(Records drawn from a dataset)
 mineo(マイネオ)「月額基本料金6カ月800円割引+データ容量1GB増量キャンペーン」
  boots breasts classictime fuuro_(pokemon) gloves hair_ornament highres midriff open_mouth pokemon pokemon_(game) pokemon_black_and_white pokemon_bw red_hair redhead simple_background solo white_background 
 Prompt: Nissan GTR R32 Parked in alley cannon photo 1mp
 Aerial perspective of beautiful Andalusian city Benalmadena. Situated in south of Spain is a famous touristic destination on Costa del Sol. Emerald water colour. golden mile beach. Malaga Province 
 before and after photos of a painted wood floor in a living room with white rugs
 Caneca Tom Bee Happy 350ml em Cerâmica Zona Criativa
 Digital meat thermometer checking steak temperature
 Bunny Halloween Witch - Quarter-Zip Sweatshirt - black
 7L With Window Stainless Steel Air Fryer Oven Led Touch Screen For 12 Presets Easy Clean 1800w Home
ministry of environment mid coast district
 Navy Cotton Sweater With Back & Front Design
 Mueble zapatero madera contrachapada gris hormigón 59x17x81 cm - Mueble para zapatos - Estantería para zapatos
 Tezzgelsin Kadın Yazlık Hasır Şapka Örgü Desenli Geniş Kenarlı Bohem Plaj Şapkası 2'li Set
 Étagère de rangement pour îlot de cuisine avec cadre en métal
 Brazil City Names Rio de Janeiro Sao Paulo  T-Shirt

**TASK DETAILS:** Using the records above, please retype only the run of lines from the line holding "Caneca Tom Bee" through the last line, both ends included.

**RESPONSE TO THE TASK:**
 Caneca Tom Bee Happy 350ml em Cerâmica Zona Criativa
 Digital meat thermometer checking steak temperature
 Bunny Halloween Witch - Quarter-Zip Sweatshirt - black
 7L With Window Stainless Steel Air Fryer Oven Led Touch Screen For 12 Presets Easy Clean 1800w Home
ministry of environment mid coast district
 Navy Cotton Sweater With Back & Front Design
 Mueble zapatero madera contrachapada gris hormigón 59x17x81 cm - Mueble para zapatos - Estantería para zapatos
 Tezzgelsin Kadın Yazlık Hasır Şapka Örgü Desenli Geniş Kenarlı Bohem Plaj Şapkası 2'li Set
 Étagère de rangement pour îlot de cuisine avec cadre en métal
 Brazil City Names Rio de Janeiro Sao Paulo  T-Shirt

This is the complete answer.